→ Data for processing:
------------------------------------------------
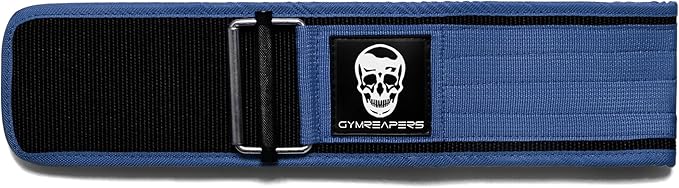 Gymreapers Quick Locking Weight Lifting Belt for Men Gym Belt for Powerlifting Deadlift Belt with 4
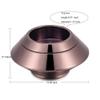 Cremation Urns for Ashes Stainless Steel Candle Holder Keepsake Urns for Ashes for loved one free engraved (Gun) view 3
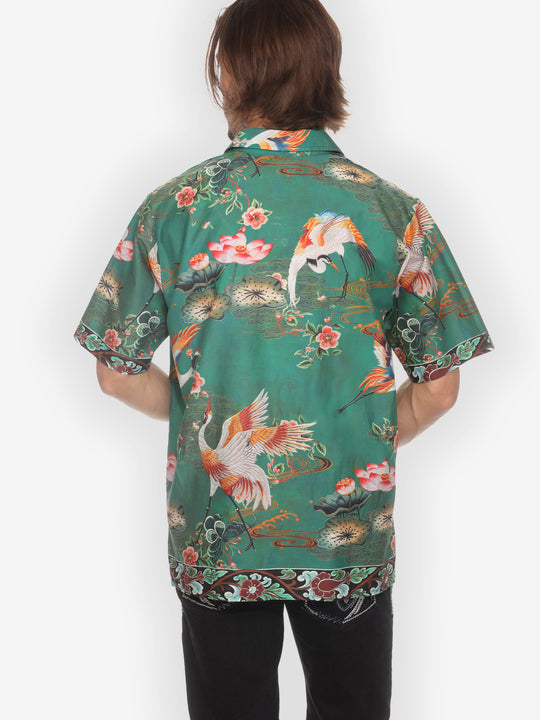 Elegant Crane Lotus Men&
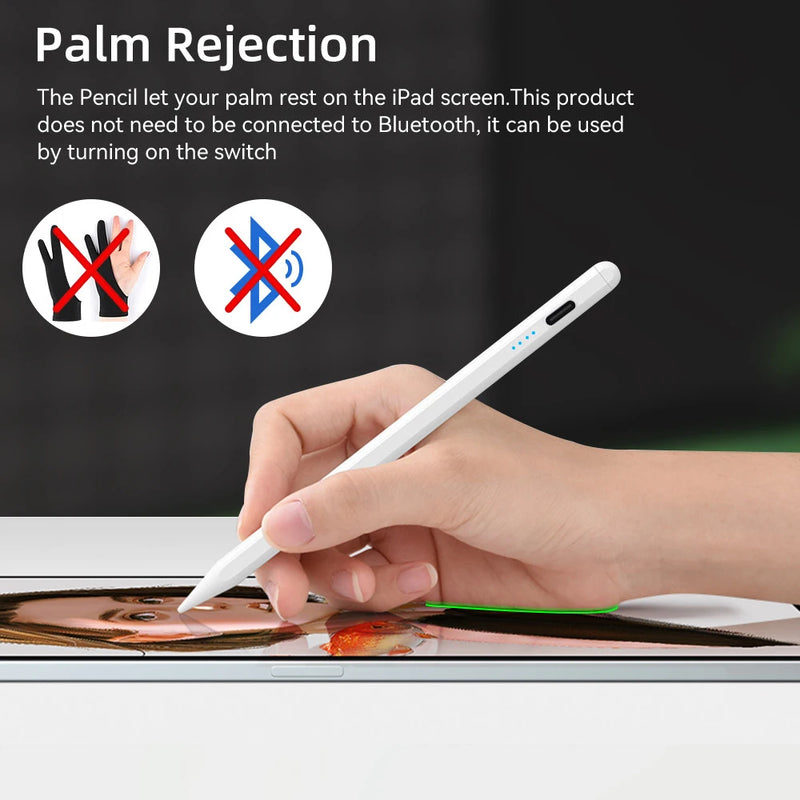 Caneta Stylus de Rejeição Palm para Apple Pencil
------------------------------------------------
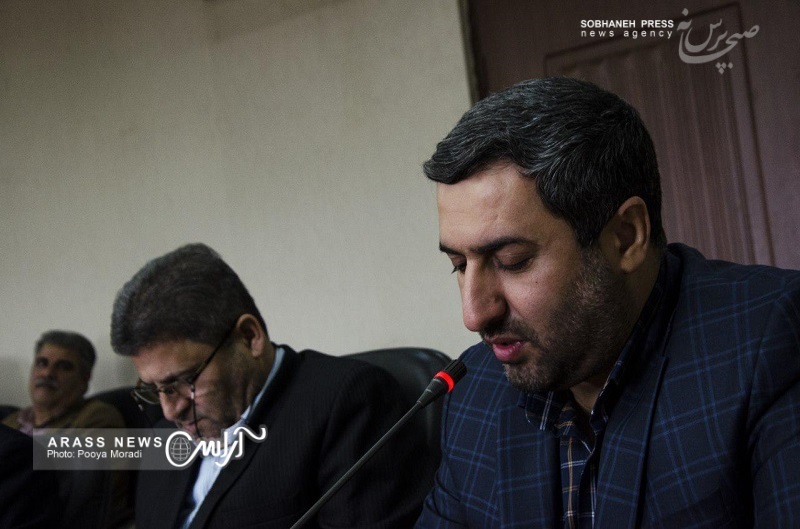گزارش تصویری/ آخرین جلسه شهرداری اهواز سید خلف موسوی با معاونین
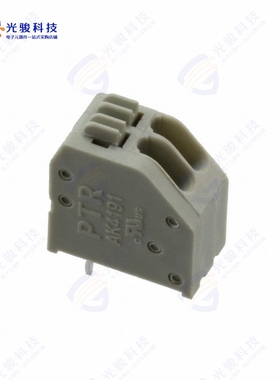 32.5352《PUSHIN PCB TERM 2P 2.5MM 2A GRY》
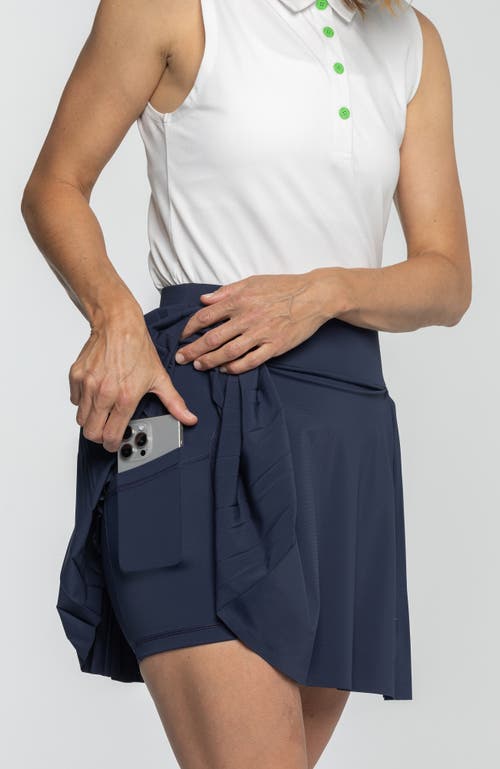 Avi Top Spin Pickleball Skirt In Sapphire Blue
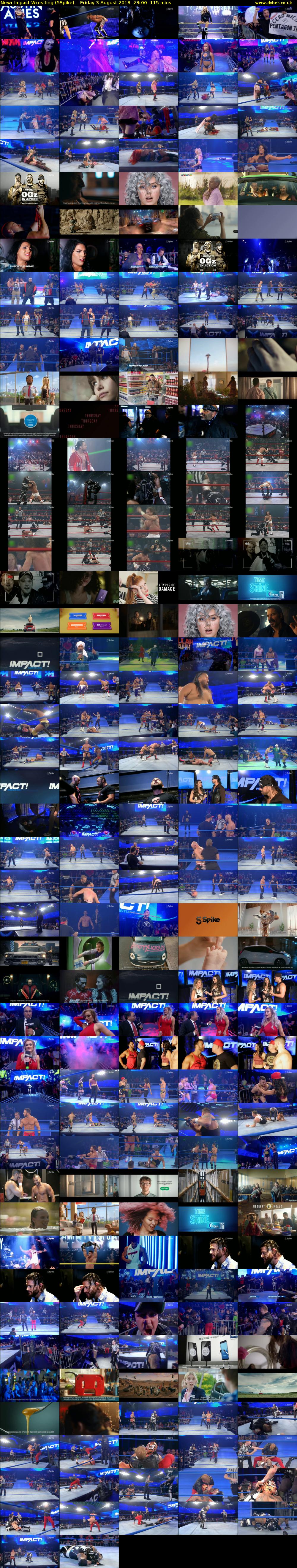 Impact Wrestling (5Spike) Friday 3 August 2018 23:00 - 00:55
------------------------------------------------
→ Task instructions:
Start at the line above containing "Avi Top Spin" and stop at the line containing "Impact Wrestling (5Spike)": print those lines and everything between them exactly, but not the pictures.

→ Answer section:
 Avi Top Spin Pickleball Skirt In Sapphire Blue
 Impact Wrestling (5Spike) Friday 3 August 2018 23:00 - 00:55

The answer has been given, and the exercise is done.